In a Xen/x86 system, only the hypervisor runs with full processor privileges (ring 0 in the x86 four-ring model). It has full access to the physical memory available in the system and is responsible for allocating portions of it to running domains.
On a 32-bit x86 system, guest operating systems may use rings 1, 2 and 3 as they see fit. Segmentation is used to prevent the guest OS from accessing the portion of the address space that is reserved for Xen. We expect most guest operating systems will use ring 1 for their own operation and place applications in ring 3.
On 64-bit systems it is not possible to protect the hypervisor from untrusted guest code running in rings 1 and 2. Guests are therefore restricted to run in ring 3 only. The guest kernel is protected from its applications by context switching between the kernel and currently running application.
讨论如下内容:CPU state, exception and interrupt handling, and time.
一、CPU State
All privileged state must be handled by Xen.
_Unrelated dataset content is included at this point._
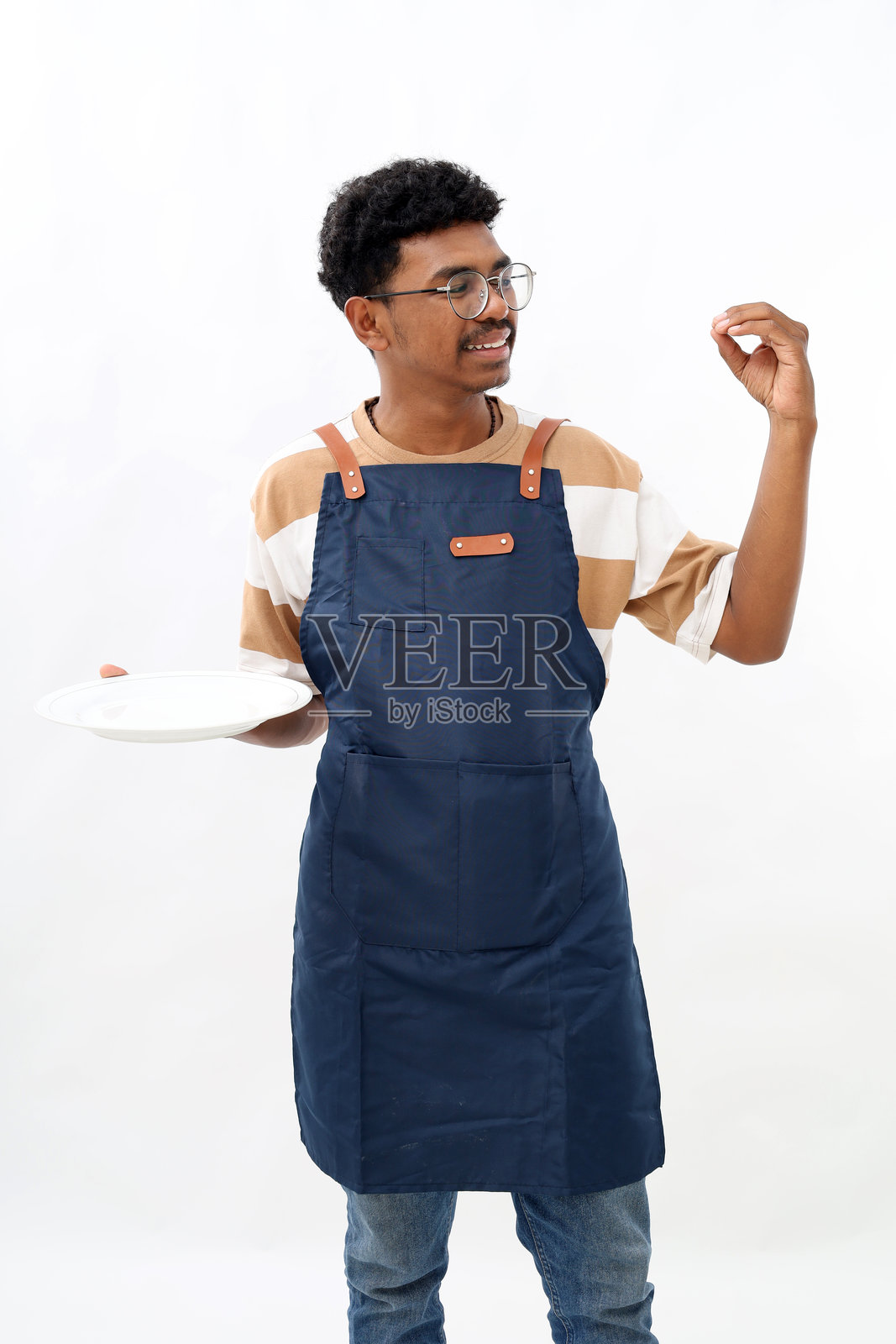 烹饪、烹饪艺术和人们的概念，快乐微笑的亚洲男子穿着围裙，手持空盘，展示美食标志，背景为白色。照片摄影图片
The guest OS has no direct access to CR3 and is not permitted to update privileged bits in EFLAGS.
Guest OSes use hypercalls to invoke operations in Xen; these are analogous to system calls but occur from ring 1 to ring 0.
二、Exceptions
A virtual IDT is provided — a domain can submit a table of trap handlers to Xen via the set_trap_table hypercall. The exception stack frame presented to a virtual trap handler is identical to its native equivalent.
三、Interrupts and Events
Interrupts are virtualized by mapping them to event channels, which are delivered asynchronously to the target domain using a callback supplied via the set_callbacks hypercall.
A guest OS can map these events onto its standard interrupt dispatch mechanisms.
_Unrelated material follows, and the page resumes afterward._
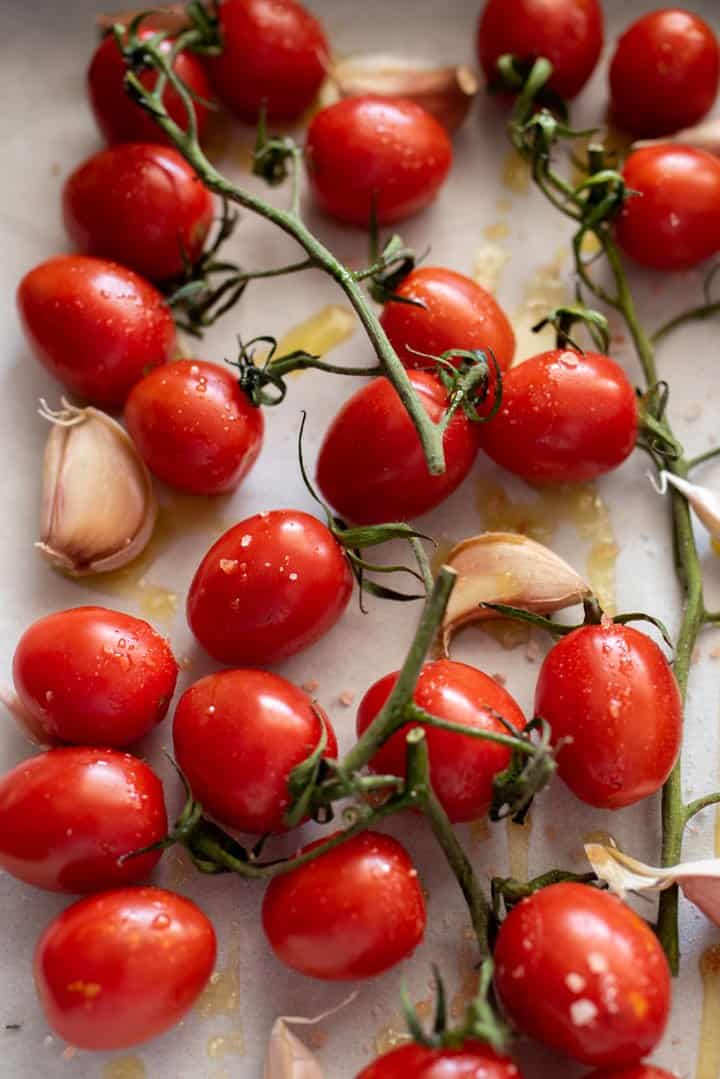 Vine tomatoes and fresh garlic cloves drizzled with olive oil and salt.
Xen is responsible for determining the target domain that will handle each physical interrupt source.
四、Time
Guest operating systems need to be aware of the passage of both real (or wallclock) time and their own ‘virtual time’ (the time for which they have been executing).
Furthermore, Xen has a notion of time which is used for scheduling. The following
notions of time are provided:
Cycle counter time. This provides a fine-grained time reference. The cycle counter time is used to accurately extrapolate the other time references. On SMP machines it is currently assumed that the cycle counter time is synchronized between CPUs. The current x86-based implementation achieves this within inter-CPU communication latencies.
System time. This is a 64-bit counter which holds the number of nanoseconds that have elapsed since system boot.
Wall clock time. This is the time of day in a Unix-style struct timeval (seconds and microseconds since 1 January 1970, adjusted by leap seconds). An NTP client hosted by domain 0 can keep this value accurate.
Domain virtual time. This progresses at the same pace as system time, but only while a domain is executing — it stops while a domain is de-scheduled. Therefore the share of the CPU that a domain receives is indicated by the rate at which its virtual time increases.
Xen exports timestamps for system time and wall-clock time to guest operating systems through a shared page of memory. Xen also provides the cycle counter time at the instant the timestamps were calculated, and the CPU frequency in Hertz.
This allows the guest to extrapolate system and wall-clock times accurately based on the current cycle counter time.
Since all time stamps need to be updated and read atomically a version number is also stored in the shared info page, which is incremented before and after updating the timestamps. Thus a guest can be sure that it read a consistent state by checking the two version numbers are equal and even.
Xen includes a periodic ticker which sends a timer event to the currently executing domain every 10ms.
The Xen scheduler also sends a timer event whenever a domain is scheduled; this allows the guest OS to adjust for the time that has passed while it has been inactive.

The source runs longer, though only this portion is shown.